The book features famous sites from Japan’s Narita, Tokyo, Kawaguchi, and Takayama Prefectures, including the Imperial Palace and Mount Fuji, as well as lesser-known subjects. Its thirty images for coloring in are hand-drawn representations of Will’s photographs, and they are both pleasant and personal. There are beautiful images of the sort that might have become postcards, but also those specific to Will’s experiences, including a picture of a woman in a kimono interacting with two human-looking robots.

With images that are both grand and impressive and those that are closer and detailed, the book strikes a delicate balance that extends to its ratios of people, places, and things. An image of the Narita-san Gateway is followed by a picture of four Buddhist monks and a page of Kimono-style patterns. The book’s images of a statue of two Fighting Samurai Frogs and a group of Maneki Neko (“Beckoning Cats”) are whimsical, while its pictures of Koinobori Flags (Koi Streamers) and manhole covers with intricate designs are a reminder of the happy accidents and unexpected sights that come with travel and of beauty that’s happened upon—like a travel account that invites outsiders to observe. Together, the pictures capture a sense of peace and harmony in a limited space.

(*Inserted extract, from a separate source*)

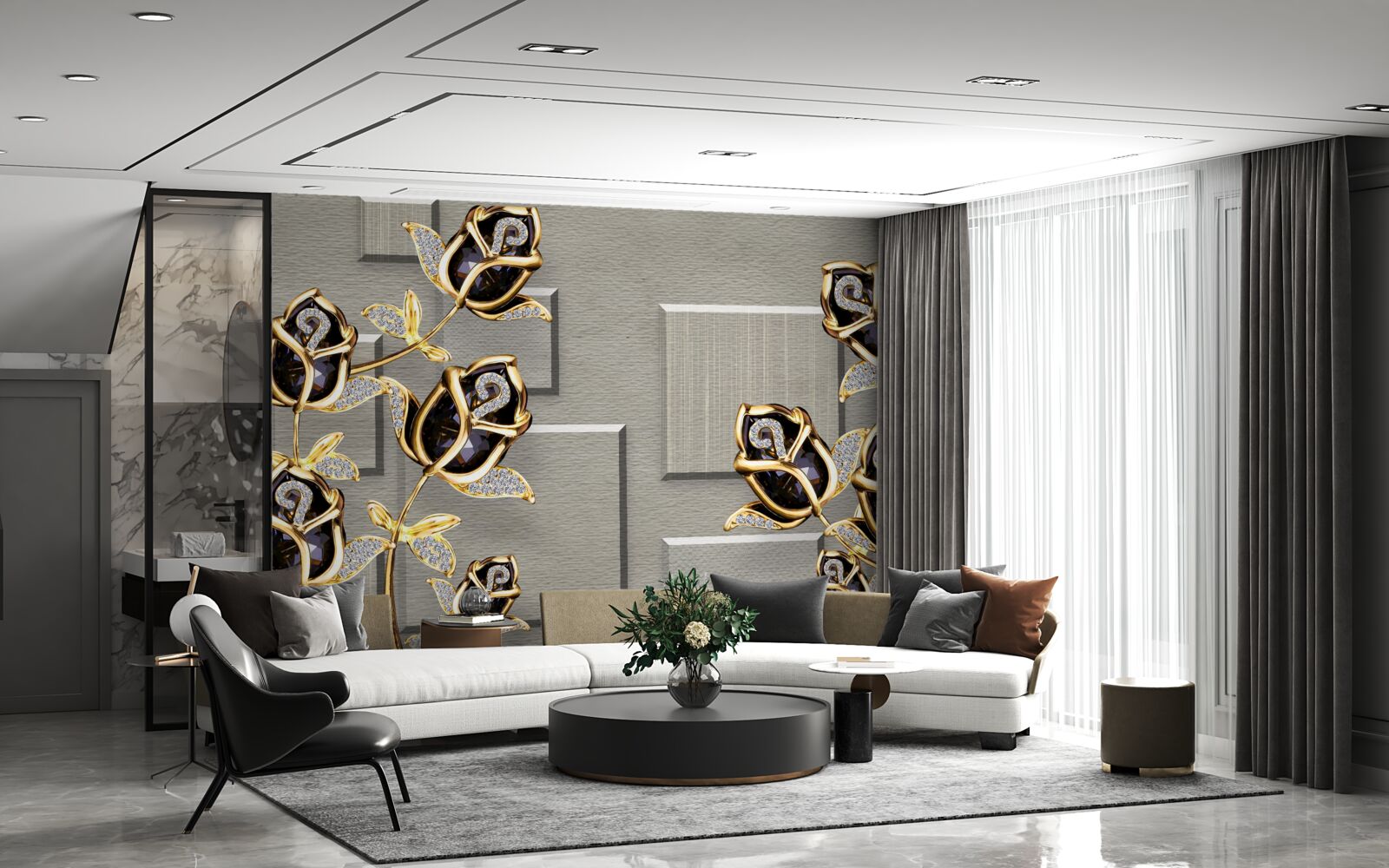 Papier peint roses noires avec cadre doré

Some of the book’s pages will take a few minutes to color, while others—especially those with many patterns and small, detailed areas—may take hours. A variety of textures are depicted, from stone and wood to skin, fabric, and flowers. The book is suited both to experienced colorists and newcomers to the hobby; a test page includes tips on best practices, like placing a sheet of cardboard behind each page to prevent ink bleeding.

There are no captions on the image pages; alone, they encourage wonder and mystery, while a guide at the book’s end includes smaller versions of the images and brief, accompanying descriptions, imparting a more thorough understanding of the elements of Japanese culture that are covered.

The relaxing, enjoyable coloring book Essence of Japan, A Coloring Journey is an excellent sampler that draws on a trip to Japan.

Reviewed by Peter Dabbene

Disclosure: This article is not an endorsement, but a review. The author of this book provided free copies of the book and paid a small fee to have their book reviewed by a professional reviewer. Foreword Reviews and Clarion Reviews make no guarantee that the author will receive a positive review. Foreword Magazine, Inc. is disclosing this in accordance with the Federal Trade Commission’s 16 CFR, Part 255.